Draft Electricity and Gas (Energy Efficiency Obligations) Order 2001

First Standing Committee on Delegated Legislation

Wednesday 5 December 2001

[Mr. Derek Conway in the Chair]

Draft Electricity and Gas (Energy Efficiency

Obligations) Order 2001

4.30 pm

The Minister for the Environment (Mr. Michael Meacher): I beg to move,

    That the Committee has considered the draft Electricity and Gas (Energy Efficiency Obligations) Order 2001.

I welcome you to the Chair, Mr. Conway. I also welcome the hon. Member for Mid-Bedfordshire (Mr. Sayeed)—Mid-Bedfordshire is his constituency, for the information of all Committee members, including those of his own party—who will speak for the Opposition.

The order is an opportunity to make significant progress in the promotion of domestic energy efficiency in Great Britain. Its main aim is to place an obligation on electricity and gas suppliers to achieve energy efficiency targets by encouraging and assisting their domestic consumers to take up energy efficiency measures.

The energy efficiency obligation is commonly known as the energy efficiency commitment, or EEC—it is amazing how such acronyms change over the decades—and will have three important benefits. First, it will cut greenhouse gas emissions by approximately 0.4 million tonnes of carbon a year. That will make a sizeable contribution to the United Kingdom's legally binding Kyoto target to cut such emissions to 12.5 per cent. below 1990 levels by 2008-12, and to its domestic goal to cut emissions of carbon dioxide to 20 per cent. below 1990 levels by 2010.

Secondly, by helping electricity and gas consumers to save energy, the EEC will reduce their fuel bills. Alternatively, consumers may choose to enjoy greater comfort by living in better-heated homes without increased costs. Thirdly, it will help consumers with lower incomes who spend a larger proportion of their incomes on energy. That will contribute to the eradication of fuel poverty. It is a win, win, win situation.

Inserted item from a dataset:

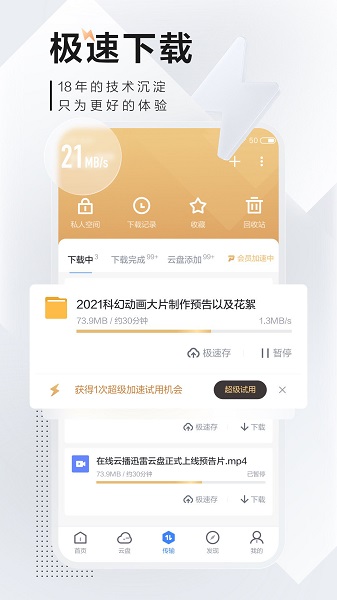 手機(jī)迅雷正式版無(wú)限期加速2020無(wú)敏感 v6.14.2.6580 安卓去廣告版 2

The order sets an overall obligation of 62 fuel-standardised terawatt hours of energy savings on all electricity and gas suppliers. That is a demanding but achievable target, which aims to achieve more than programmes that have run successfully since 1994. The target was set slightly lower than the obligation of 64 TWh that was proposed in the August consultation after further analysis of the technical basis for the obligation in light of responses to the consultation. A target of 62 TWh will provide a clear stimulus to the sustainable development of domestic energy efficiency.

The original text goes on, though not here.